The funded status of the 100 largest U.S. corporate pension plans rose 1 percentage point to 91.6% in April, the Milliman 100 Pension Funding index showed Friday.
Milliman attributed this to an increase in the corporate bond rates used to measure pension liabilities.
Assets dropped 0.4% over the month to $1.523 trillion due in part to a 0.11% investment loss.
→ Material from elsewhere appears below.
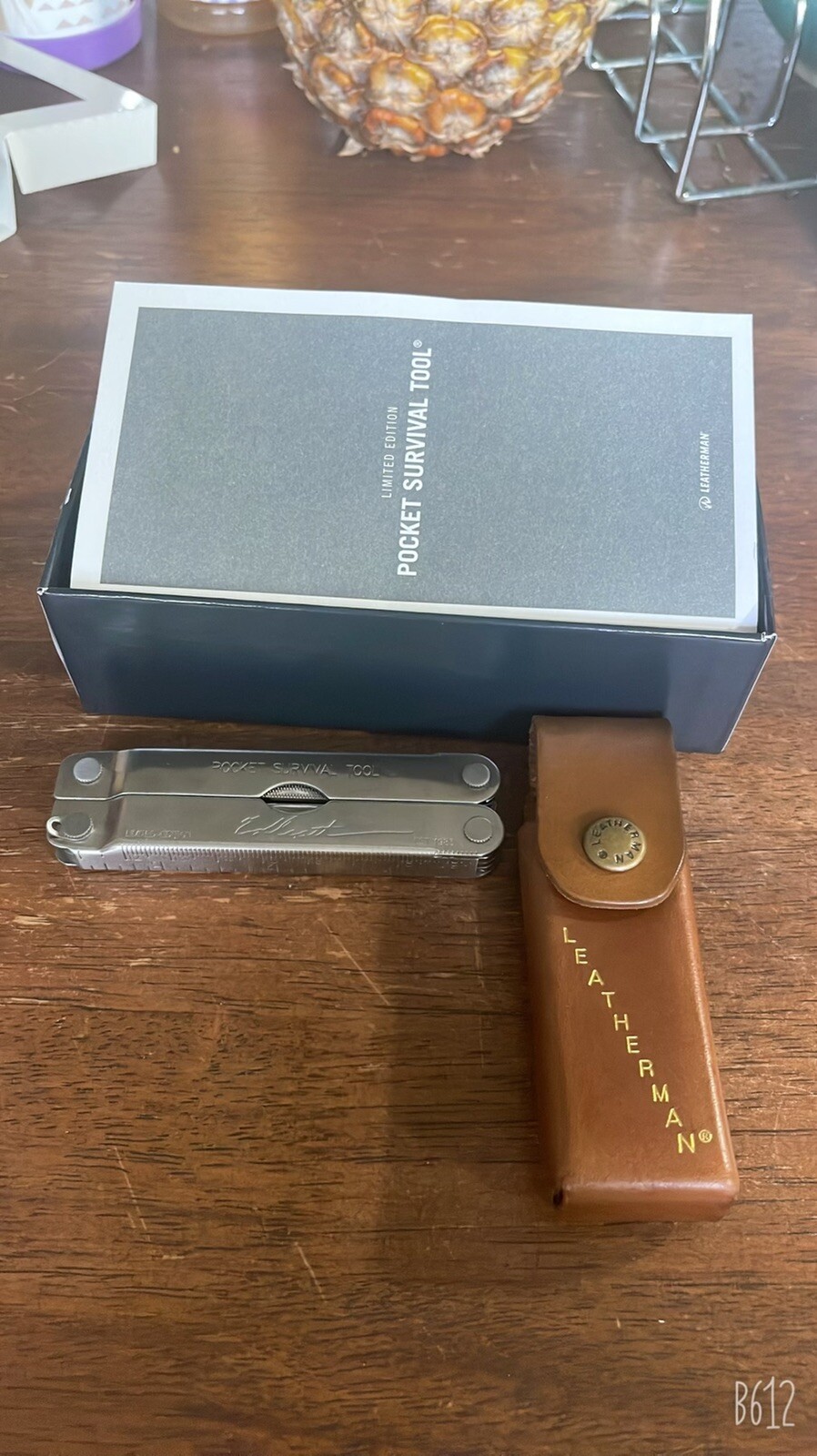 leatherman multi tool eBay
Liability values, meanwhile, dropped 1.5% to $1.663 trillion for the month as the discount rate rose 12 basis points to 4.03%.
"Corporate pensions continue to get some discount rate relief in 2018, despite volatile equity markets," said Zorast Wadia, principal, consulting actuary and co-author of the corporate pension funding report, in a news release about the results. "Over the past 12 months, with the rise in rates and a 6.17% cumulative asset gain for these plans, we've seen the funded ratio climb from 85.5% to 91.6%."
Looking forward, if interest rates reach 4.43% by the end of 2018 and 5.03% by the end of 2019, and pension funds achieve a median 11% asset return, the funding ratio would climb to 101% by the end of 2018 and 117% by the end of 2019, Milliman predicted. But if the discount rate reaches 3.63% at the end of 2018 and 3.03% by the end of 2019 and annual returns average 3%, then the funding ratio would decline to 87% by the end of 2018 and 81% by the end of 2019.